Sept. 21 marks the one year anniversary of Mobilizing the Will to Intervene (W2I), a document created by researchers at Concordia University which reads as a handbook for how governments can go about preventing genocides and mass atrocities.
W2I was presented to the governments of both Canada and the United States. Using suggestions presented in W2I, the Obama administration created the position of National Security Council Director for War Crimes and Atrocities as well as an Interagency Policy Committee on Preventing Mass Atrocities.
This past Wednesday, a discussion was held at Concordia University with Dr. Frank Chalk, one of the document’s researchers and director of the Montreal Institute for Genocide and Human Rights Studies (MIGS), and Kyle Matthews, the lead researcher at MIGS.

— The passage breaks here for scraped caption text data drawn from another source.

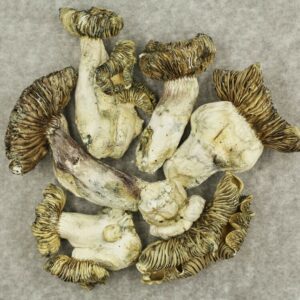 White Burma | Kootenay Botanicals Canada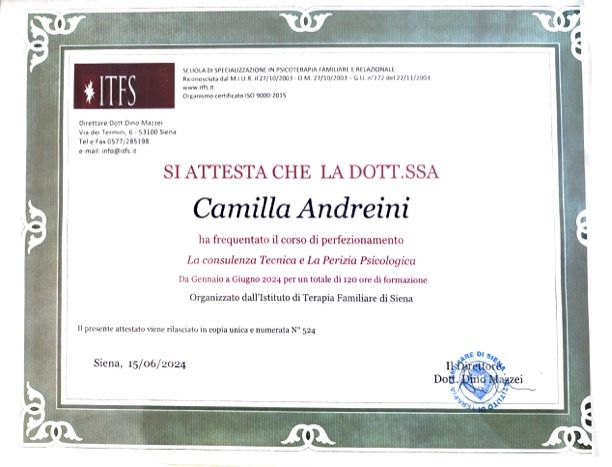 Ingrandire l'immagine: certificate 4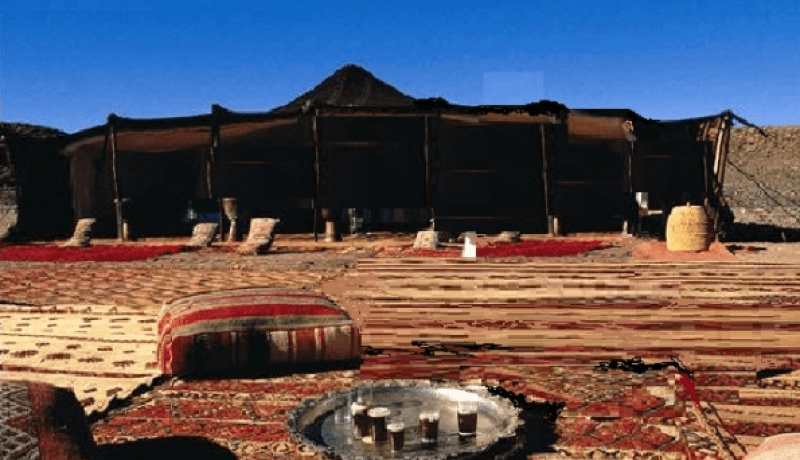 الأيام الأولى للشّعر الشعبي والفصيح بالنعامة الأربعاء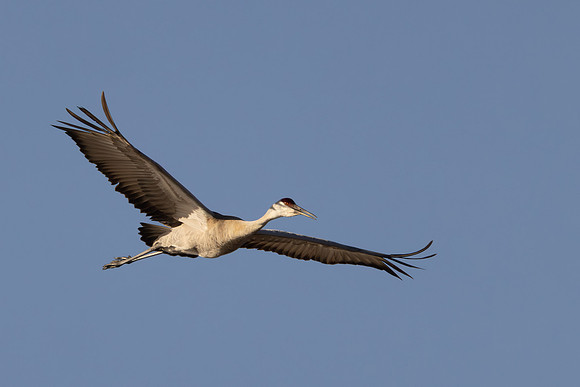 CS216760-Sandhill Crane copy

The discussion reflected on the positives of W2I and what still needs to be implemented in order for governments to prevent future tragedies such as those in Rwanda and Somalia.

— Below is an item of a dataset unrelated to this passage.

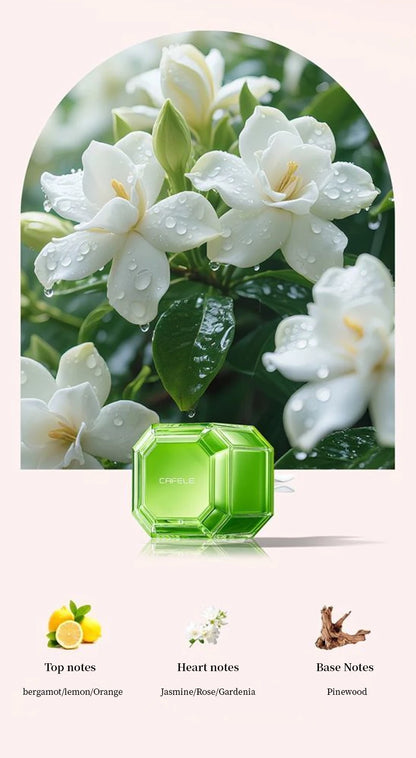 Car Air Fresheners Car Fragrance For Car Interior Air Vents Aromatherapy Auto Flavoring Keep Charming And Fresh Good Gift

“Major institutional changes need to be made across the governments,” Dr. Chalk said.
Chalk and Matthews stressed the importance of the governments of Canada and the United States maintaining a proactive stance towards atrocities committed in Third World nations. Matthews urged that prevention is the most viable means of dealing with such violence and that simply sending in aid afterward was not enough. “Doctors and aid workers cannot stop genocide,” Matthews said.
“Our politicians and senior policy makers, they tend not to prevent much but to react,” he continued. “And we say that’s dangerous, expensive, it’s a threat to our national interest, our citizens and it’s a waste of our resources.”
Midway through the discussion, Dr. Chalk left for the airport to begin a trip to Uganda where he will meet with officials regarding the policy recommendations of W2I.